Language Learning and Teaching in a Multilingual World
Title | Language Learning and Teaching in a Multilingual World PDF eBook |
Author | Marie-Françoise Narcy-Combes |
Publisher | New Perspectives on Language and Education |
Pages | 0 |
Release | 2019 |
Genre | English language |
ISBN | 9781788922975 |
This book proposes a flexible and adaptive framework for designing and implementing language learning environments and tasks, which will be useful for practitioners working in classrooms where many languages are already spoken. The framework is based on a review of current research and an examination of case studies from around the world.

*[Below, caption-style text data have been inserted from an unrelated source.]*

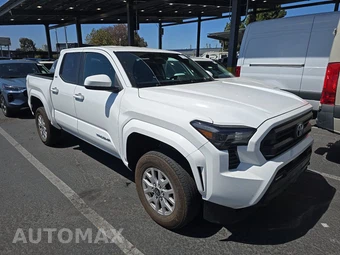 2024 Toyota Tacoma SR5 Crew Cab Medium Bed - miniatura 3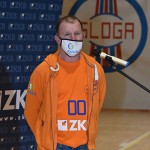 Sport - ODBOJKA - zenska C liga - zdruzena zenska ekipa ZALET ZKB Trst-Gorica - predstavitev ekipe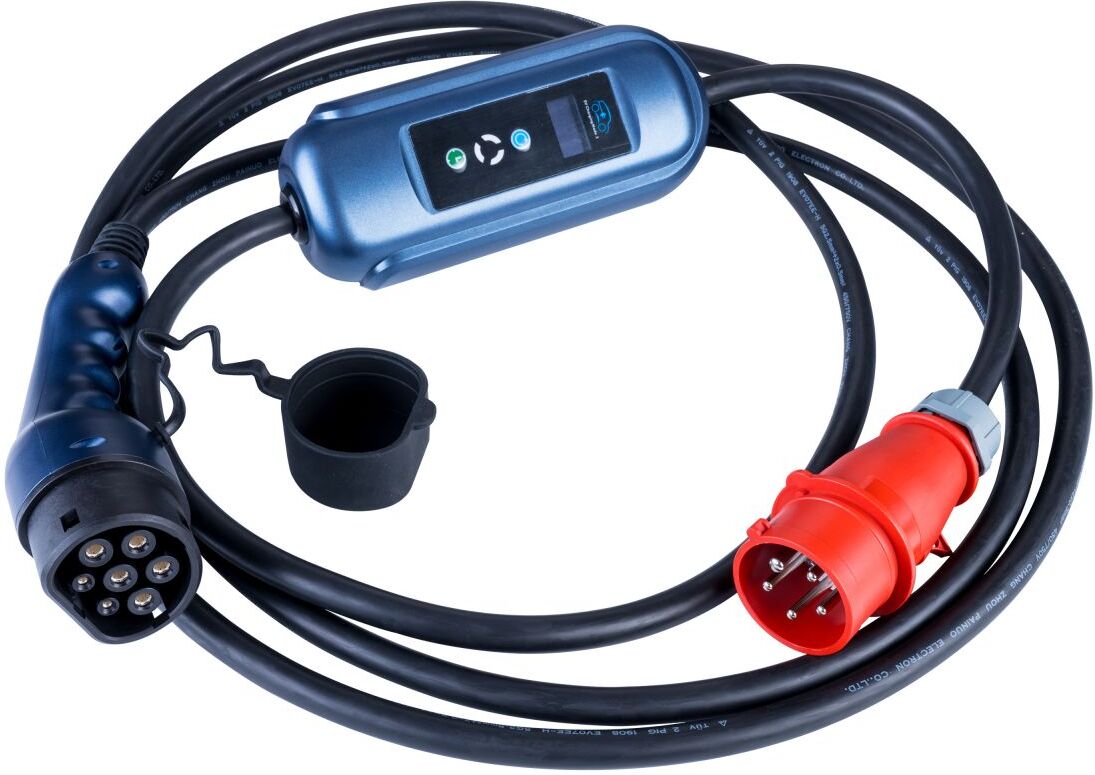 AC Ladegerät, Elektrofahrzeug AKYGA AK-EC-12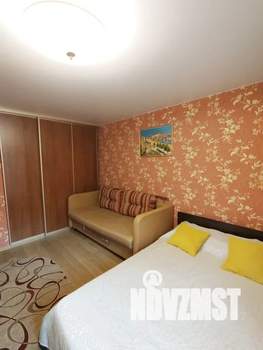 1-к квартира, посуточно, 43м2, 4/9 этаж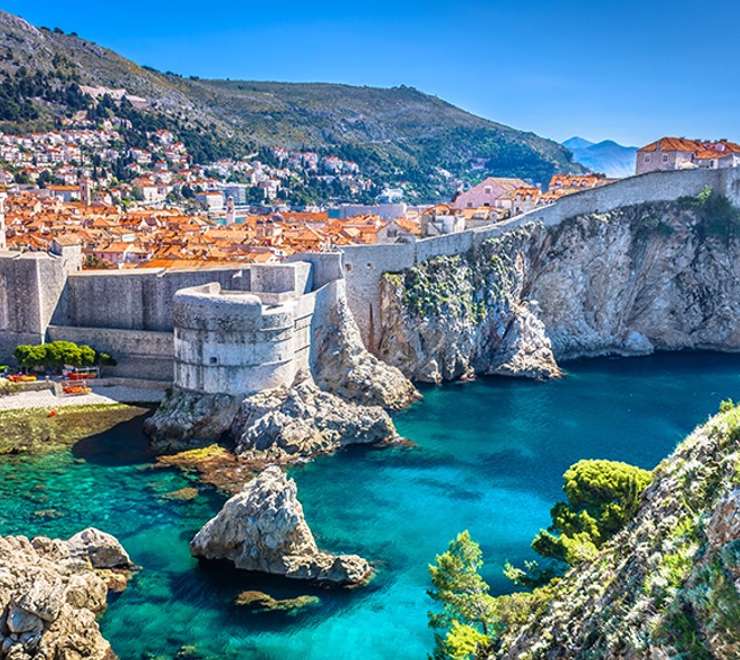 Dubrovnik - Overnight onboard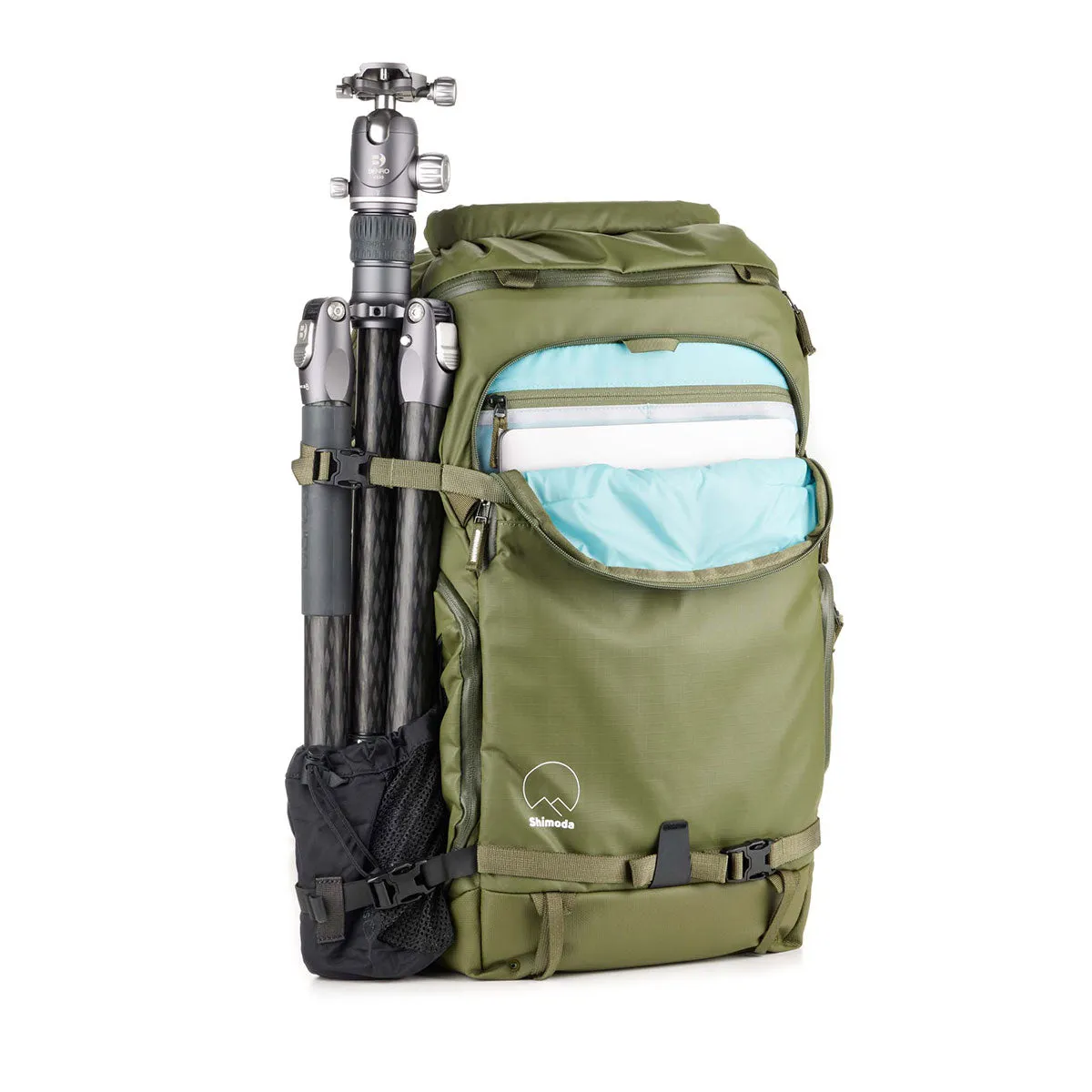 Shimoda Action X40 v2 Starter Kit (w/ Medium DSLR Core Unit) - Army Green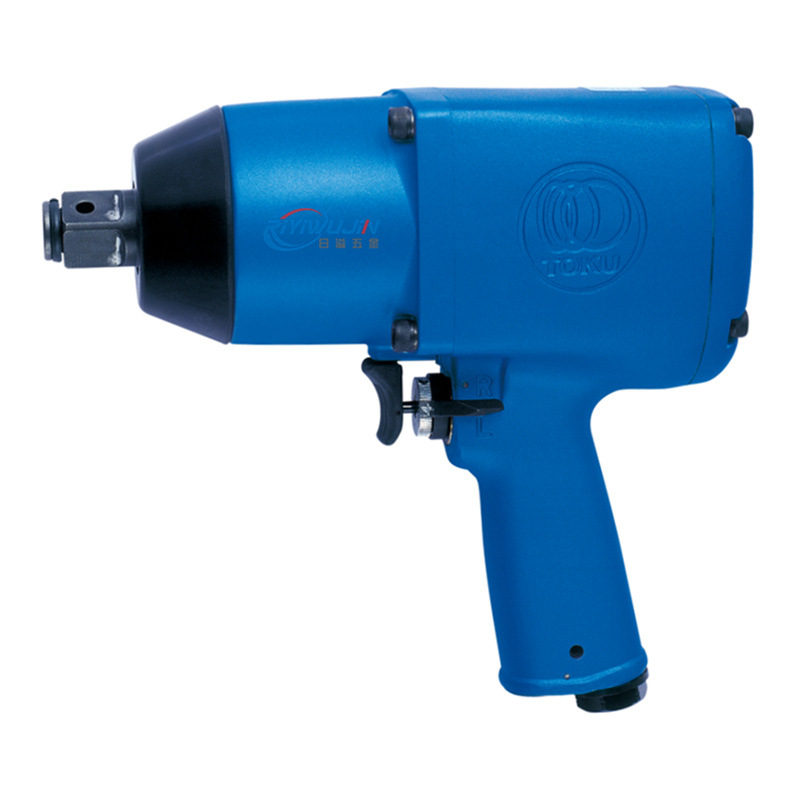 日本toku东空MI-22P气动扳手3/4风动冲击扳手 枪型风炮 3/4风扳机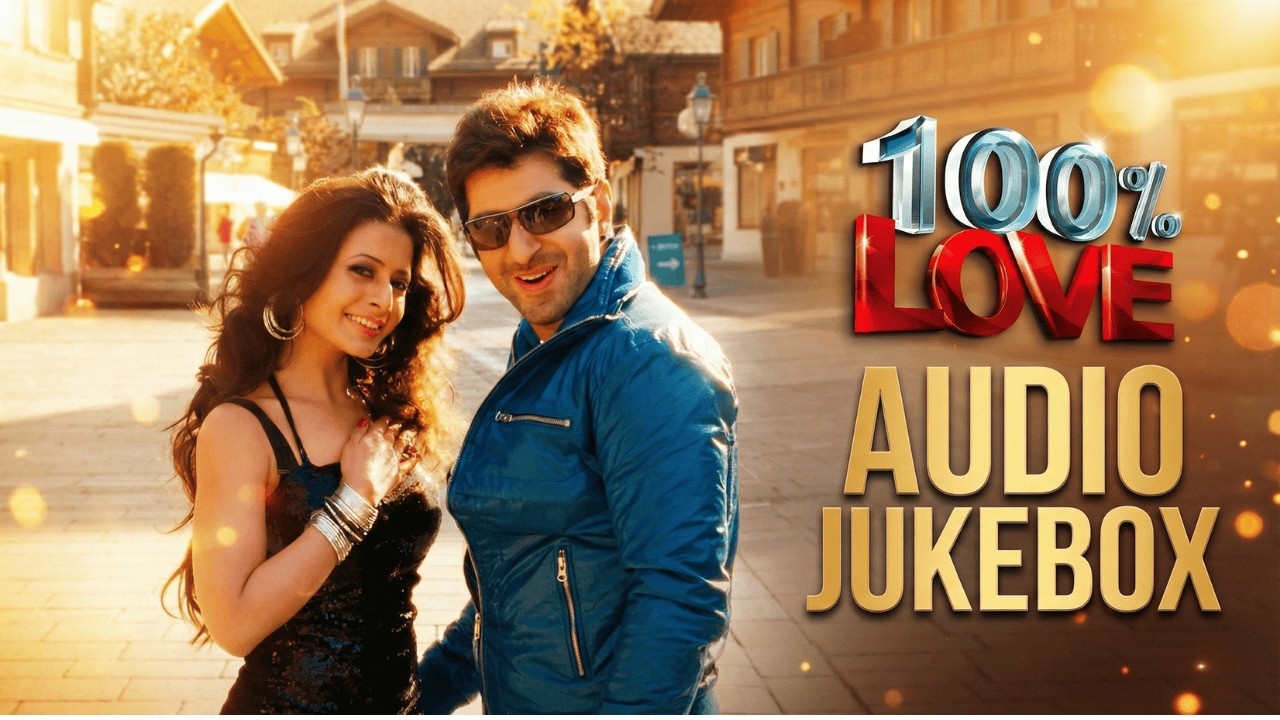 100% Love | Jukebox | All Hit Songs | JEET | KOEL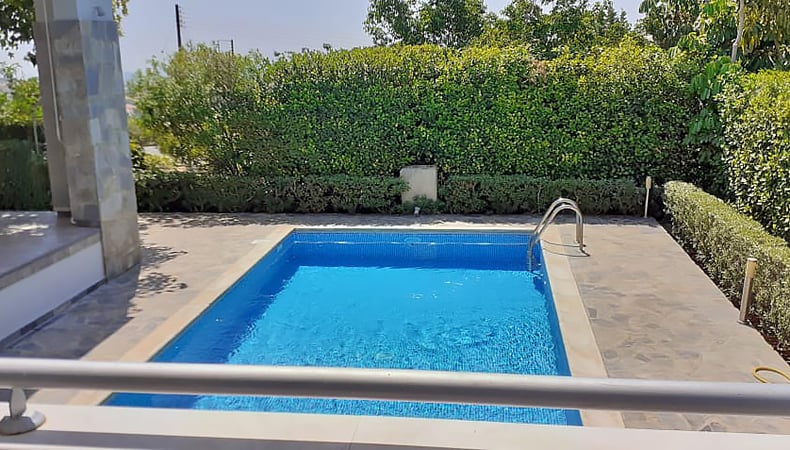 House in Agios Athanasios - view 1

Usage-Based Dynamics in Second Language Development
Title | Usage-Based Dynamics in Second Language Development PDF eBook |
Author | Wander Lowie |
Publisher | Multilingual Matters |
Pages | 226 |
Release | 2020-07-14 |
Genre | Language Arts & Disciplines |
ISBN | 1788925262 |
This book honours the contribution of Marjolijn Verspoor to the development and implementation of dynamic usage-based (DUB) approaches in second language (L2) research and pedagogy. With chapters written by renowned experts in the field, the book addresses the dynamics of language, language learning and language teaching from a usage-based perspective. The book contains both theory and empirical work: the initial theoretical chapters present cutting-edge thinking in relation to both the scope of DUB theory and its applications, providing conceptual perspectives from cognitive grammar and linguistics, thinking-for-speaking (TFS), and Complex Dynamic Systems Theory (CDST) approaches, united by their shared underpinnings of language as a dynamic system of conventionalized routines. The second half of the volume showcases state-of-the-art methodologies to study dynamic trajectories of language learning, empirical investigations into the above-mentioned theoretical concepts, and innovative classroom implementations of DUB language pedagogy.